Read specific pdf text using regular expressions

Try this:

Assign (String)
pattern = "Purchase\sDate.+?:\s+(?<purchase>[\d\/]+?)\s+In-service\sDate.+?:\s+(?<service>[\d\/]+?)"

Assign (Match)
match = System.Text.RegularExpressions.Regex.Match(MyVar, pattern)

Assign (String)
purchase = match.Groups("purchase").ToString

Assign (String)
service = match.Groups("service").ToString

2 Likes

This worked!! Thank you so much.
You have been so helpful! Do you have any tips on how to automate drop-down menus? I need the database to choose the correct option in the drop down menu that matches the extracted text.

2 Likes

SelectItem Activity?

2 Likes

I have tried this activity, I am just unsure if I can use it without quoting the exact text? - Each pdf document will have a different extracted value, so how do I indicate it to choose whatever the extracted value is/value stored in the variable?

1 Like

Well, you have to find a way to map the value to the drowpdown option. Depends of both the values and the options.

1 Like

I have figured out all String drop downs using the type into activity, but I am having trouble with the numeric values, and am unsure how to select these in the drop down using my stored variable, any ideas?

1 Like

sorry, I can’t figure out what kind of data you have to map so I can’t help you.

1 Like

Hi there,
Going back to extracting these dates, how would I extract each individual part of the date? (For example: extracting just the “03” from the in service date: “03/10/2020”
And then same for the day and year,
Anything helps!! Thank you!!

Hello,

You can get a DateTime from the string or you can continue process your strings with regex like below.

Assign (String)
pattern = "\b(?<month>\d{2})\/(?<day>\d{2})\/(?<year>\d{4})\b"

Assign (Match)
match = Regex.Match(text, pattern)

Assign (String)
day = match.Groups("day").ToString

Assign (String)
month = match.Groups("month").ToString

Assign (String)
year = match.Groups("year").ToString

That worked! Thanks so much! So how would the code change for extracting the individual parts from the Purchase Date?
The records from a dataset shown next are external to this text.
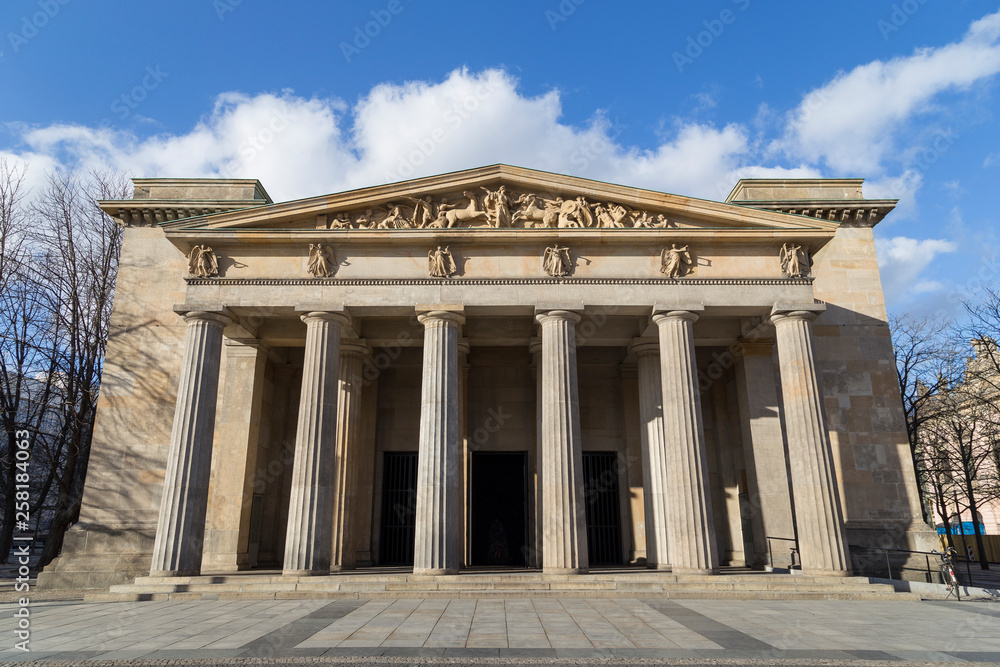 Obraz premium Neo-Classical facade of the Neue Wache, war memorial for the victims of war and dictatorship in Berlin, Germany, on a sunny day.
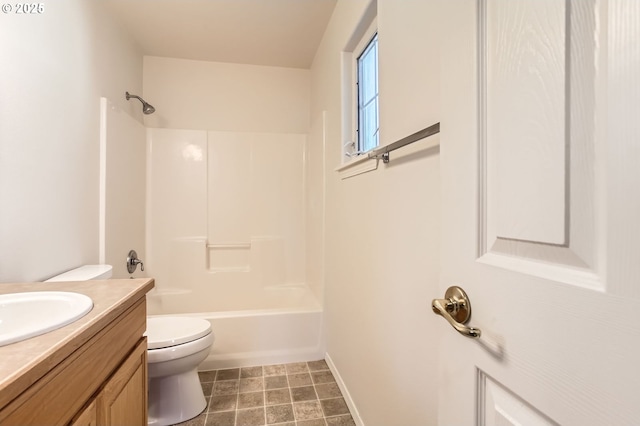 full bathroom featuring washtub / shower combination, vanity, and toilet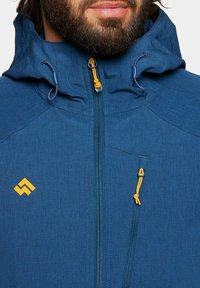 Niebieska kurtka odporna na warunki atmosferyczne z kapturem, z zamkiem błyskawicznym z przodu, pomarańczowymi detalami i skośną boczną kieszenią. Logo wyeksponowane na piersi.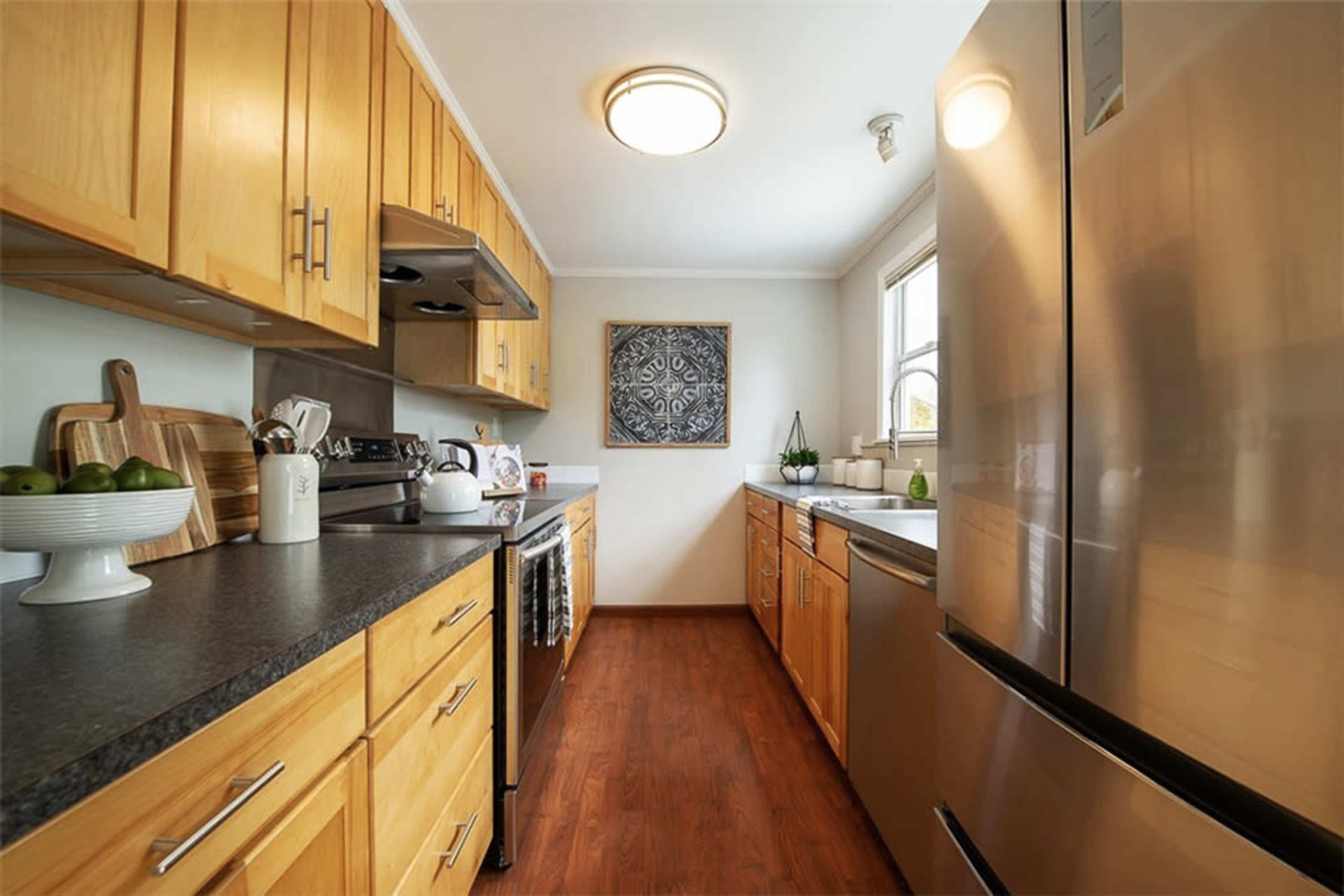 A modern kitchen with wooden cabinets, stainless steel appliances, and a countertop featuring a bowl of green apples.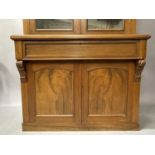 A Victorian walnut bookcase-cupboard having a moulded cornice above two glazed doors, frieze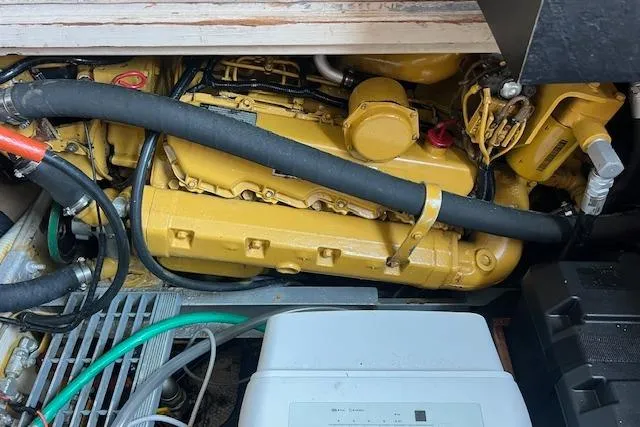 Slide: The Image of Engine compartment of a 1981 Viking 35 Convertible boat, showcasing yellow machinery and hoses. - 29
It might be a good practice for you.

Some hints:

  • you know how to extract date’s details
  • you know how to extract this date
  • you can make the substitution

Good Afternoon

Sorry to Interrupt, Even i have some question on regex
“05/02/2019 91640.00 52974.00 38666.00 2342299.00”
This is my pattern and have multiple value of same pattern, i want to scrape this specific value “38666.0”.
Even i applied regex (?<=\d{2}/\d{2}/\d{4}\s\d*.\d*\s\d*.\d*\s)(.)(?=\s\d.\d*) and it got worked also.
can i get any alternative simple regex pattern

Thanks in advance

As i am new to regex. I want to learn so just asked can u suggest some sites so i can learn to write pattern

import System.Text.RegularExpressions

Assign (String)
pattern = "(?<date>\d{2}\/\d{2}\/\d{4})\s+(?<first>[\d\.]+)\s+(?<second>[\d\.]+)\s+(?<third>[\d\.]+)\s+(?<fourth>[\d\.]+)\s+"

Assign (Decimal)
result = CDec(Regex.Match(myText, pattern).Groups("third").Value)

I saved it on regex101 for you to examine. The right pane will help you on your journey. I mostly learn throught Perl and Python documentation and by practice (try parsing urls, its quite easy). Here is a link but I didn’t use it (Regular Expression Tutorial - Learn How to Use Regular Expressions)

Thank you so much :slight_smile: